Also worth noting in the “land of great global wisdom” where Haïm hails from, that in trying to “cheekily” use English in her blog’s subtitle, that she unselfconsciously mimics the complete incongruity of a Engrish. Nonsensically subtitled “The Blog Made in Obama,” she no doubt thinks herself brilliant and wired in to the world, when in reality the preoccupation of nearly the whole of the news media subculture is with the the Arab world, the US, but primarily the attitude of the domestic commentary about their own relationship with US and Arab cultures. It is a far more isolate global outlook than you find in the American and British press, but one dare not mention it for fear of besmirching the public’s dignity.

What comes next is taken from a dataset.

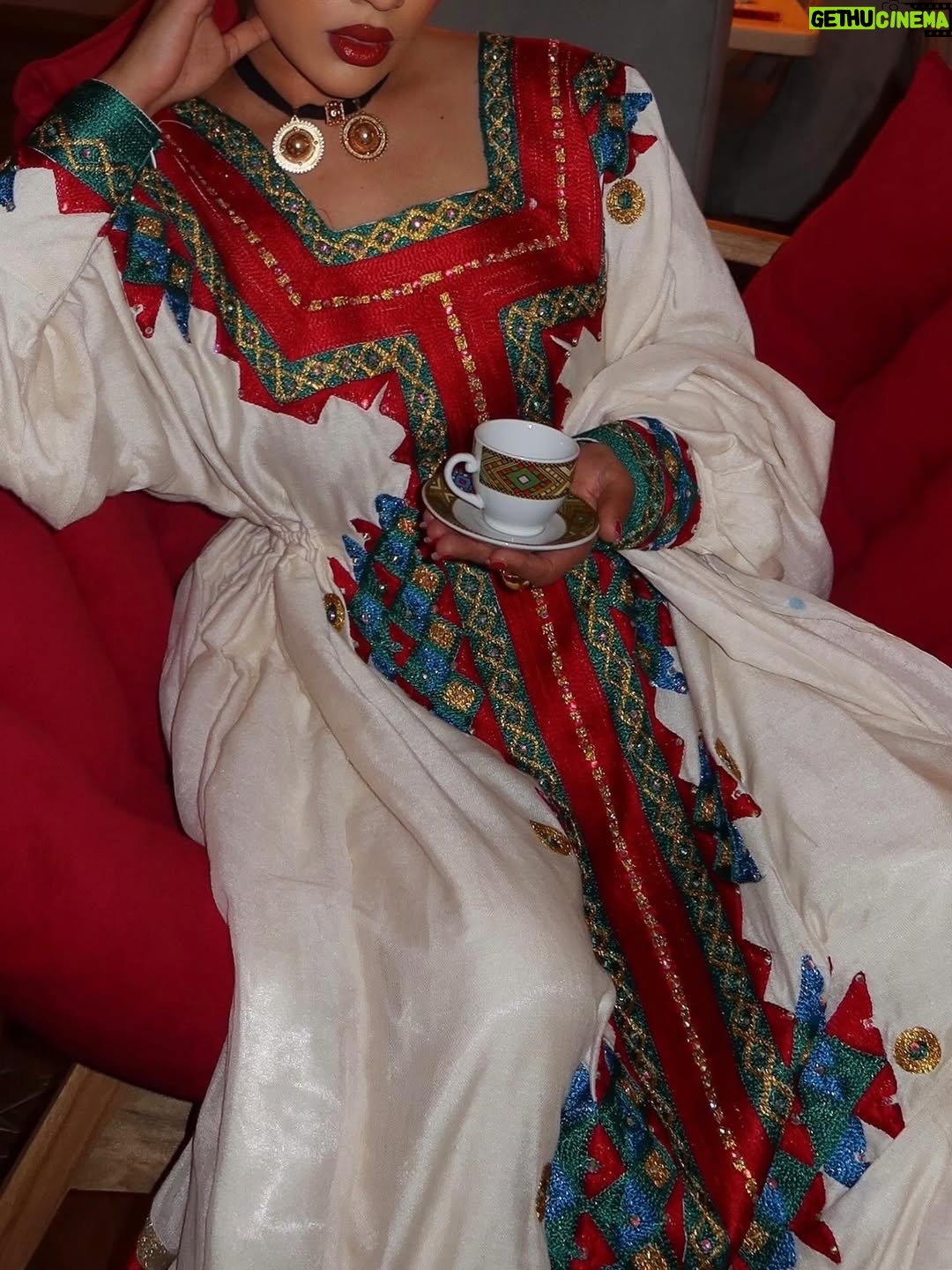 Selam Tesfaye - 41.4K Likes - መልካም ገና! 
.
.

Dress from shibshbo 
For order 0962308826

As for the president himself, he seems to find anything polite he can to play along with Haïm’s vapidity.

“What do you love about France, if I may ask?”
“Well, let’s see … we’ve got the food, we’ve got Paris, we’ve got the south of France, Provence, the wine.”
Elsewhere, on the topic of relations with the “Muslim world,” Ms. Haïm reminds the president that during the electoral campaign he had told her that he wanted to convene a “Muslim summit.” The idea will undoubtedly be of interest to the Organization of the Islamic Conference, whose 57 member states already convene every three years in an “Islamic summit.”
Ms. Haïm does, however, manage to ask at least one seemingly tough question.
“Do you speak French?”
“My French is terrible.”
So instead of asking him any real questions, Haïm is just doing the French thing and looking for ways in which anyone significant, and the rest of the world, can somehow honor them merely for being who they are – scrath the surface and there it is, the ultimate form of identity politics: a delusional nationalism offered at the expense of asking any sort of real questions in the kind of interview that could make or break a talking-head’s career.